しかしなかなかロングセラーになるというのは簡単ではありません。市場のなかでは熾烈な競争があります。また競争よりも怖い脅威があります。競争関係だけなら、いったんトップブランドとなり、ブランドが浸透したものはほとんどその座を奪われていません。それより、その商品カテゴリーがなんらかの技術革新が起こり代替品にとって変わられるとか、生活の変化があって、そのカテゴリーそのもののライフサイクルが終わり陳腐化して市場から消え去る、トレンドに乗った商品はトレンドが終わるとその商品の存在理由を失うというほうが怖いのです。商品の改善や新アイテムの投入、ユーザーとのコミュニケーションを工夫して絆を深めるなど、育てるマーケティングがなければロングセラー商品として生き残るのは難しいのです。

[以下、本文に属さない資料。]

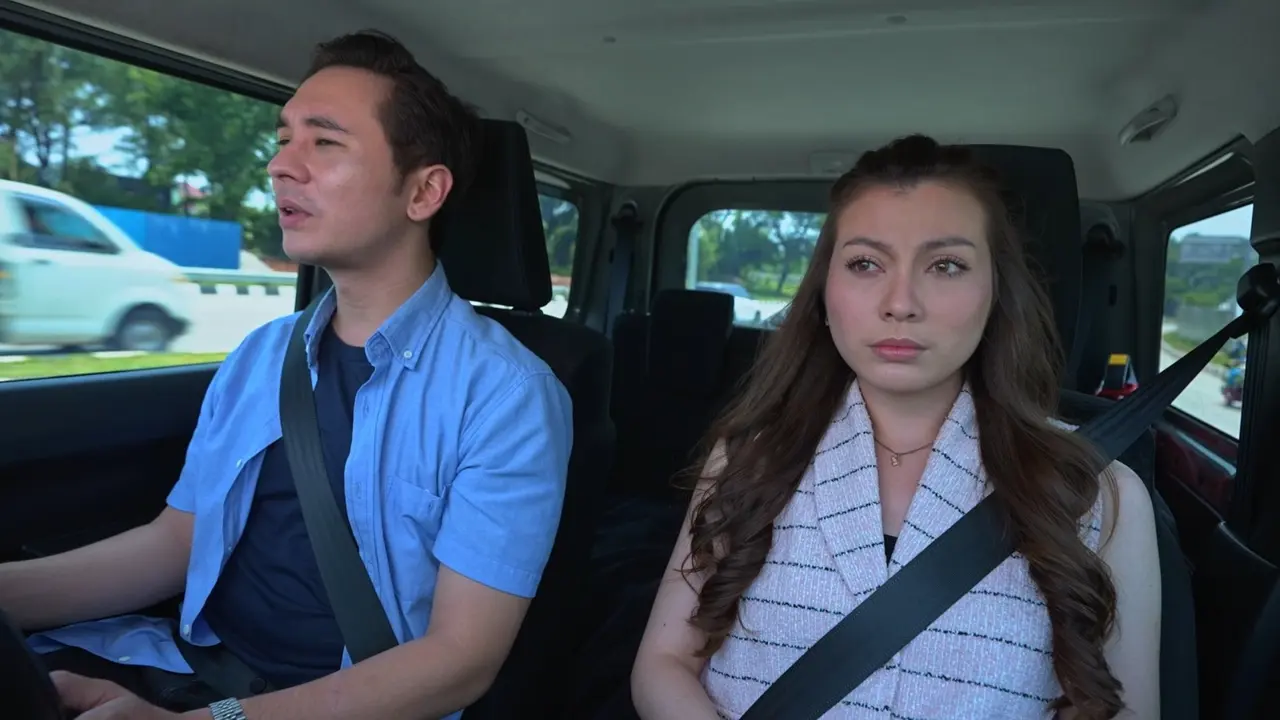 Saksikan Sinetron Luka Cinta Jumat 27 September 2024 Pukul 21.30 WIB di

カルピスは、かつては大家族を前提としたサイズの商品で、少家族化の流れ、あるいは家族揃ってというよりも、それぞれが好きなときに飲むというライフスタイルの変化でどんどん市場が縮小して経営の屋台骨まで揺さぶることになりましたが、新しいライフサイクルに合わせた商品化を行って、見事に復活したブランド例でしょう。
またロングセラー商品も、最初はヒット商品として話題となり、普及していきます。時代変化に対応して、たとえ小さな市場のカテゴリーであっても、競争に打ち勝って高いシェアを維持できたものがロングセラーとして、いぶし銀のような存在となってくるのだと思います。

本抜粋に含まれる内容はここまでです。